- **TASK DETAILS**
The answer is the data repeated in full, with no pictures included.

- **DATA**

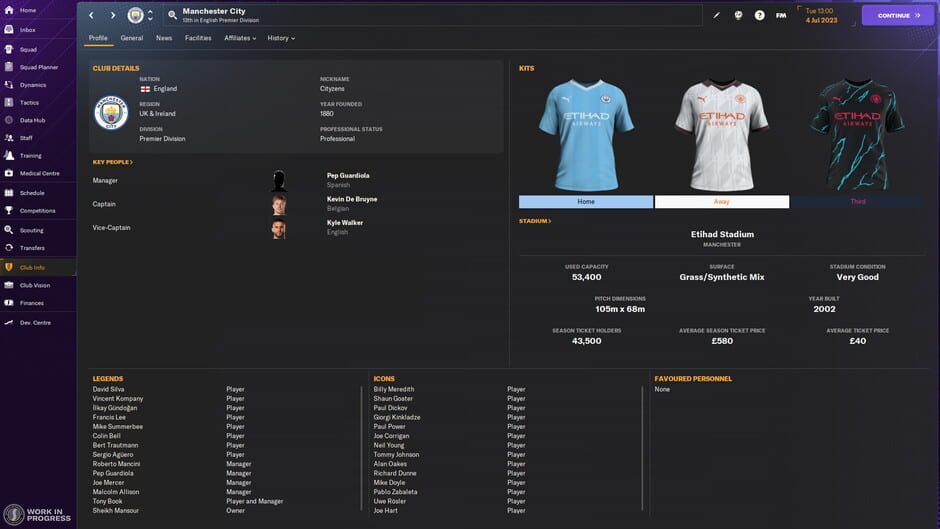 Football Manager 2024 screenshot 4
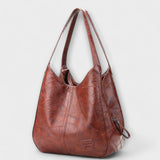 Vintage-Ledertasche Olivia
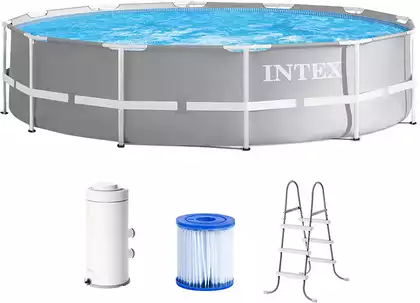 Бассейн каркасный с фильтром 366*99 см INTEX 26716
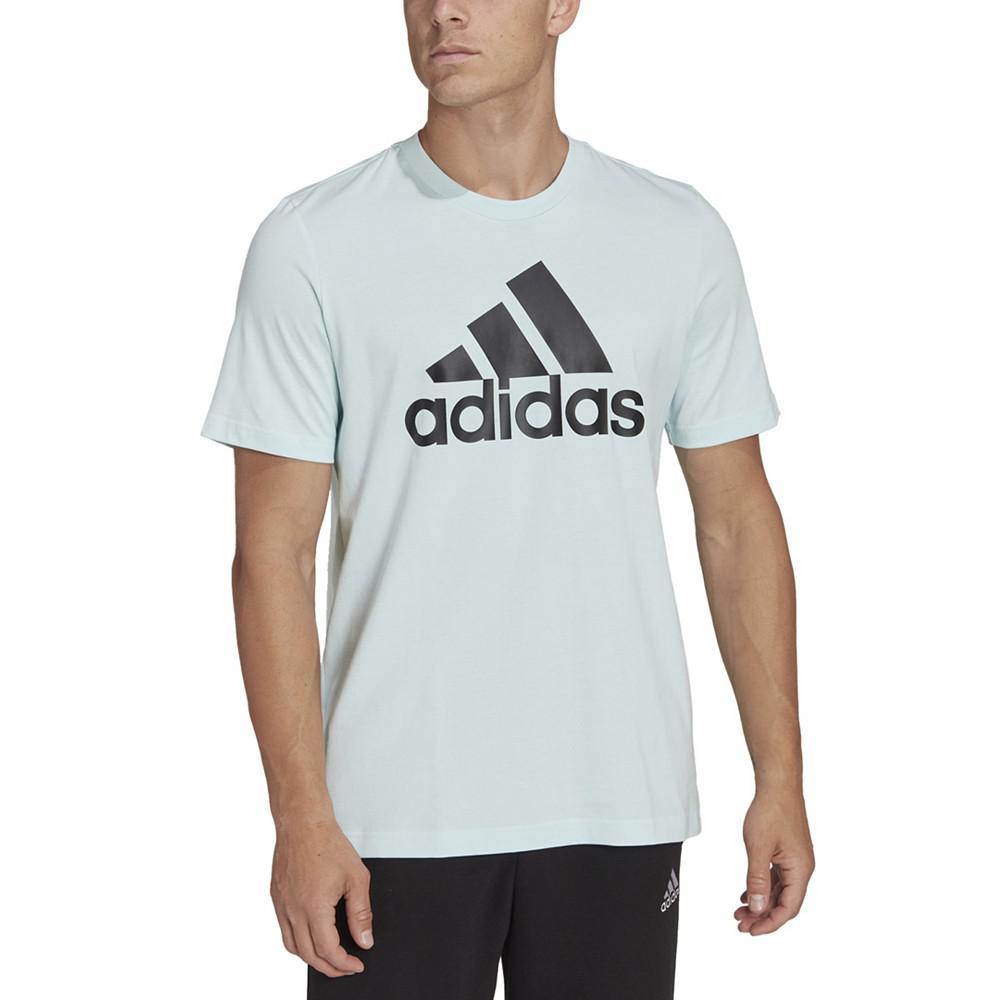 商品Adidas|Men's Essentials Crewneck Big Logo T-Shirt,价格¥147,第1张图片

- **SOLUTION BELOW**
 Football Manager 2024 screenshot 4
 Vintage-Ledertasche Olivia
 Бассейн каркасный с фильтром 366*99 см INTEX 26716
 商品Adidas|Men's Essentials Crewneck Big Logo T-Shirt,价格¥147,第1张图片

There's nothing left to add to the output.